O outro braço do contraventor são os caça-níqueis: uma diversificação econômica que multiplica triplica os lucros. No Estado, o bicho e as máquinas pertencem, quase sempre, a banqueiros do jogo do bicho - ou funcionam mediante sua autorização.
Símbolos de uma época como Rubens Hoffmeister, ex-presidente da Federação Gaúcha de Futebol, e Luiz Carlos Festugatto, ex-deputado estadual do PDT, não deixaram herdeiros.
Os novos expoentes são discretos e violentos. Figuras como Jorge Fontela Liscano, o Mão Branca, um menino pobre nascido em São Borja que construiu um império a partir da Região Metropolitana, do Litoral Norte e da Fronteira Oeste, e cuja história será contata no último dia da série, sintetizam o bicheiro contemporâneo.
Fortalezas deram lugar a escritórios
Pioneiros na corrupção policial, os bicheiros do século XXI aperfeiçoam suas práticas. Mão Branca e seus colegas ampliaram a propina a policiais. Outros, ainda mais ousados, associam-se a chefes de investigação ou tentam cooptar um pelotão inteiro de PMs, incluindo um oficial.
As antigas fortalezas, onde prêmios eram apurados e o dinheiro, contabilizado, foram substituídas por escritórios em bairros nobres. Vanderlei Gonçalves Nogueira, o VGN, 51 anos, um dos mais influentes banqueiros da Capital, mantinha sua banca em um prédio moderno na Rua Antônio Carlos Berta, quando agentes da Força-Tarefa de Combate aos Jogos Ilícitos do Ministério Público.

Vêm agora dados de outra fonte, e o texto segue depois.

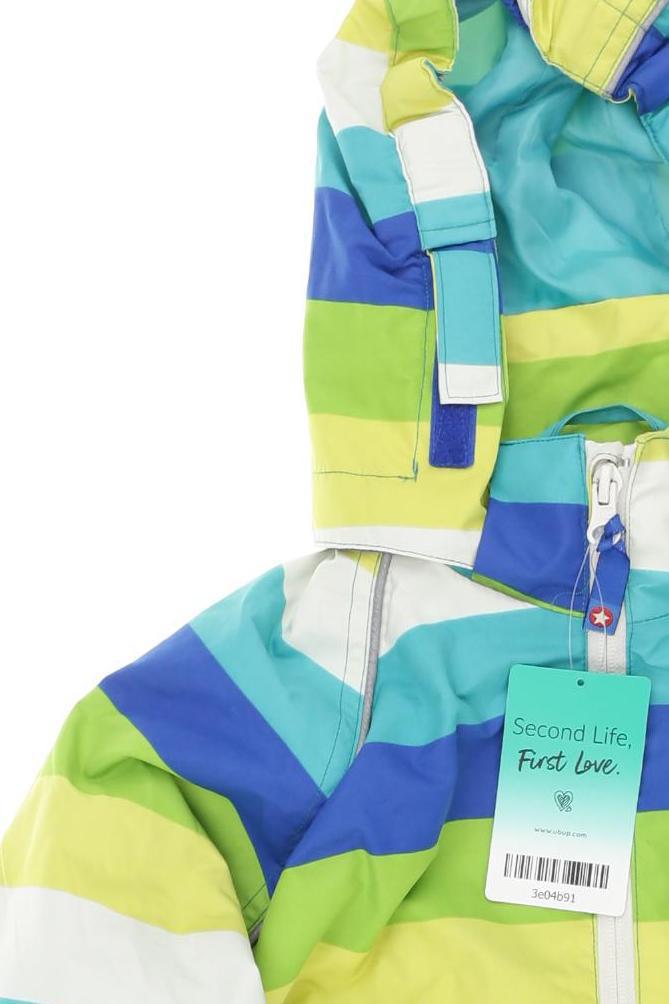 Thumbnail - Villervalla Jungen Jacke, grün, Gr. 128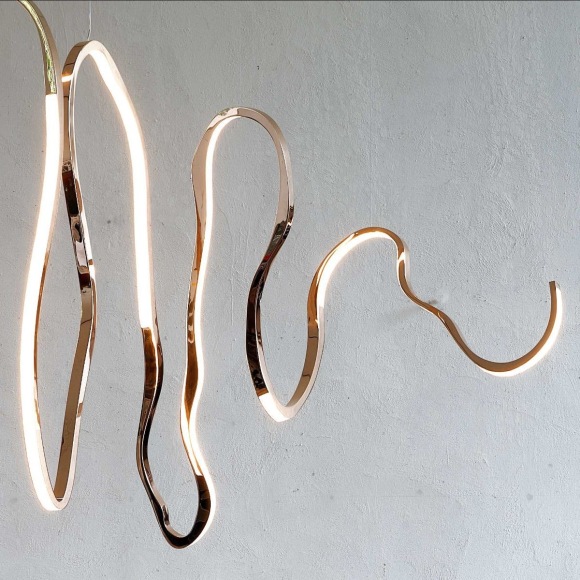 Niamh Barry Artist's Hand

Proprietário de uma transportadora, de uma locadora de veículos e de empresas de comércio e importação (todas registradas na Avenida Sertório, 2.535), ele nega envolvimento com a banca. A metamorfose da contravenção potencializou o faturamento dos fora da lei. O MP e a Polícia Federal estimam que o bicho e caça-níqueis, apenas na Grande Porto Alegre e na Serra, arrecadam mais de meio bilhão de reais por ano. Sem impostos, naturalmente.